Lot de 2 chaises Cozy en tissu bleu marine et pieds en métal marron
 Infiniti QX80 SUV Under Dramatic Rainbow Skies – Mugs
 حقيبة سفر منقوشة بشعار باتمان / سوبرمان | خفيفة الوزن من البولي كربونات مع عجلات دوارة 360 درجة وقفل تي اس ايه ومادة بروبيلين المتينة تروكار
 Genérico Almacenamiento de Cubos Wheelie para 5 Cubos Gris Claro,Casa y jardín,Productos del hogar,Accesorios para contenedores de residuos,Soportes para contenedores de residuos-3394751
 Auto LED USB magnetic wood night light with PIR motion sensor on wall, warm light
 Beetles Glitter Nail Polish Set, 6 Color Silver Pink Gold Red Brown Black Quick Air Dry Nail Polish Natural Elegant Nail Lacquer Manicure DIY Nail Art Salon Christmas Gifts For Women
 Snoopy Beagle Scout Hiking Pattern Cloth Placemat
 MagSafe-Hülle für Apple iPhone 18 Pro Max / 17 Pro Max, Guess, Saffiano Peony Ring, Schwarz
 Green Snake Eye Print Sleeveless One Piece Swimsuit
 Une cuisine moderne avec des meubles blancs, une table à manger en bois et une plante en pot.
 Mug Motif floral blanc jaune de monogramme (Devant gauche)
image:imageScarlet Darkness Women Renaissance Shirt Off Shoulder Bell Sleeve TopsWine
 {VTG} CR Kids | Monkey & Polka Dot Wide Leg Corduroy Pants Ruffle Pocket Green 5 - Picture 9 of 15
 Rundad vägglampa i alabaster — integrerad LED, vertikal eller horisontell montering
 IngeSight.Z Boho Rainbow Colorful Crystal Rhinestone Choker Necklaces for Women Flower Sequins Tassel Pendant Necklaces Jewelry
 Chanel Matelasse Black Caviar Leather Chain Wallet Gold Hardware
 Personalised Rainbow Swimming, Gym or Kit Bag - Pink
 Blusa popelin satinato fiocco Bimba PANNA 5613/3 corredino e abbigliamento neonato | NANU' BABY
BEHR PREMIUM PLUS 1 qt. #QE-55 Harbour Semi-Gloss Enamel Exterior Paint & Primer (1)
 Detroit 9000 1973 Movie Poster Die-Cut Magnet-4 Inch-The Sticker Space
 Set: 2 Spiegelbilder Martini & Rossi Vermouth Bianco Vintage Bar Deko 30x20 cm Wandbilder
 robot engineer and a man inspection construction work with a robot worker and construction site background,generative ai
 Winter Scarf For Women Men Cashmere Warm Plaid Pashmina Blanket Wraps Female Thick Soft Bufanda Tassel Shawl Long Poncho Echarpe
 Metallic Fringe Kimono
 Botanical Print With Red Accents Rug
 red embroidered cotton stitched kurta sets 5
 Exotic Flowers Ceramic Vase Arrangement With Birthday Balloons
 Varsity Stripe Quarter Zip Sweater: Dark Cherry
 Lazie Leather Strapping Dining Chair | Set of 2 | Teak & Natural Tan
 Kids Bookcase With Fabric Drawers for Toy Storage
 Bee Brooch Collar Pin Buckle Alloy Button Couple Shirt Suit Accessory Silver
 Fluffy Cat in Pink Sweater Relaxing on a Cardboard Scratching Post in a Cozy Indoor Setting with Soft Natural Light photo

**WORK ORDER:**
The line containing "Exotic Flowers Ceramic" marks the start; retype it and each line after it through the end of the records above, exactly.

**SOLUTION FOR THIS PROBLEM:**
 Exotic Flowers Ceramic Vase Arrangement With Birthday Balloons
 Varsity Stripe Quarter Zip Sweater: Dark Cherry
 Lazie Leather Strapping Dining Chair | Set of 2 | Teak & Natural Tan
 Kids Bookcase With Fabric Drawers for Toy Storage
 Bee Brooch Collar Pin Buckle Alloy Button Couple Shirt Suit Accessory Silver
 Fluffy Cat in Pink Sweater Relaxing on a Cardboard Scratching Post in a Cozy Indoor Setting with Soft Natural Light photo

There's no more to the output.